─── SOURCE DATA
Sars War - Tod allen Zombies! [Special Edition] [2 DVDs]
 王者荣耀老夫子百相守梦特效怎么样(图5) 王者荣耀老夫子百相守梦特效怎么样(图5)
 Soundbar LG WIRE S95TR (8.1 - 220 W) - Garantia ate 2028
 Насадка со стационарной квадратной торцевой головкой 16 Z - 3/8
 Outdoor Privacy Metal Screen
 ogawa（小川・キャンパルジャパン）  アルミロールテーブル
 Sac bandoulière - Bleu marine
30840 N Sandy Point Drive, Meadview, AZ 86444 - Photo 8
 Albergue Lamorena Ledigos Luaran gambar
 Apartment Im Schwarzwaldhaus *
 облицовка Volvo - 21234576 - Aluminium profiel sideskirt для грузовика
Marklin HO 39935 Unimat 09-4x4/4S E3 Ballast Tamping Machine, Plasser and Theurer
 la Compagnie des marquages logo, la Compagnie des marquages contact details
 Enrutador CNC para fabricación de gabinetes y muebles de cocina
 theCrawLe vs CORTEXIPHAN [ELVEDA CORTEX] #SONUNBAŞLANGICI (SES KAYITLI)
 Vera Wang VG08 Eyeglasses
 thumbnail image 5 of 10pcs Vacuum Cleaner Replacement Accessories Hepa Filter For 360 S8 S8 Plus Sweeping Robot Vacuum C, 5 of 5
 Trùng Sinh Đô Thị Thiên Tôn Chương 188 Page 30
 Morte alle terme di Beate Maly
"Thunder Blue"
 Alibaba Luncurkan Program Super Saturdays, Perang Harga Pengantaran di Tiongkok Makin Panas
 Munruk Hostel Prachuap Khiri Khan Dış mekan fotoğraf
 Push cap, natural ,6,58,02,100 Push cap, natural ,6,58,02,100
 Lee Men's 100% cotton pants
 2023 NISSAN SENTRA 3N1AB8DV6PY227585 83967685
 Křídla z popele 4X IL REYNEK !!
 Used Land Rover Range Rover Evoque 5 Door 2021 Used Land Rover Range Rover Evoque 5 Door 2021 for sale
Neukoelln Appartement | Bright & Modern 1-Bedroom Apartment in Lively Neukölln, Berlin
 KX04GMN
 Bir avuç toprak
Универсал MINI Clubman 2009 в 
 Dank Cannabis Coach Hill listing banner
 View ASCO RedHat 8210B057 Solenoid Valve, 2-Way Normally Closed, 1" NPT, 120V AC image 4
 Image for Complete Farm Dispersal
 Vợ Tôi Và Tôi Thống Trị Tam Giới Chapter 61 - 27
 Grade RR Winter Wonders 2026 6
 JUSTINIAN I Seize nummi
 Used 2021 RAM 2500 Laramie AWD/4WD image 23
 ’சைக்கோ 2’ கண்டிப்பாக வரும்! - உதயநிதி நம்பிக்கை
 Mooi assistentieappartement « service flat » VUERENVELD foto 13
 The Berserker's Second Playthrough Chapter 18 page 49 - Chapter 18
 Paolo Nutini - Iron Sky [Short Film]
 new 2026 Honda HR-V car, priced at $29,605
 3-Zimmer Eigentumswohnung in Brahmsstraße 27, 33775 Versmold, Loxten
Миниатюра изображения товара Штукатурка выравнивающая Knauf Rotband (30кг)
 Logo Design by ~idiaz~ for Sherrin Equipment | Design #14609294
──────
EXERCISE
For every line above that has "Chapter" in it, copy the line.

WORKED SOLUTION
 Vợ Tôi Và Tôi Thống Trị Tam Giới Chapter 61 - 27
 The Berserker's Second Playthrough Chapter 18 page 49 - Chapter 18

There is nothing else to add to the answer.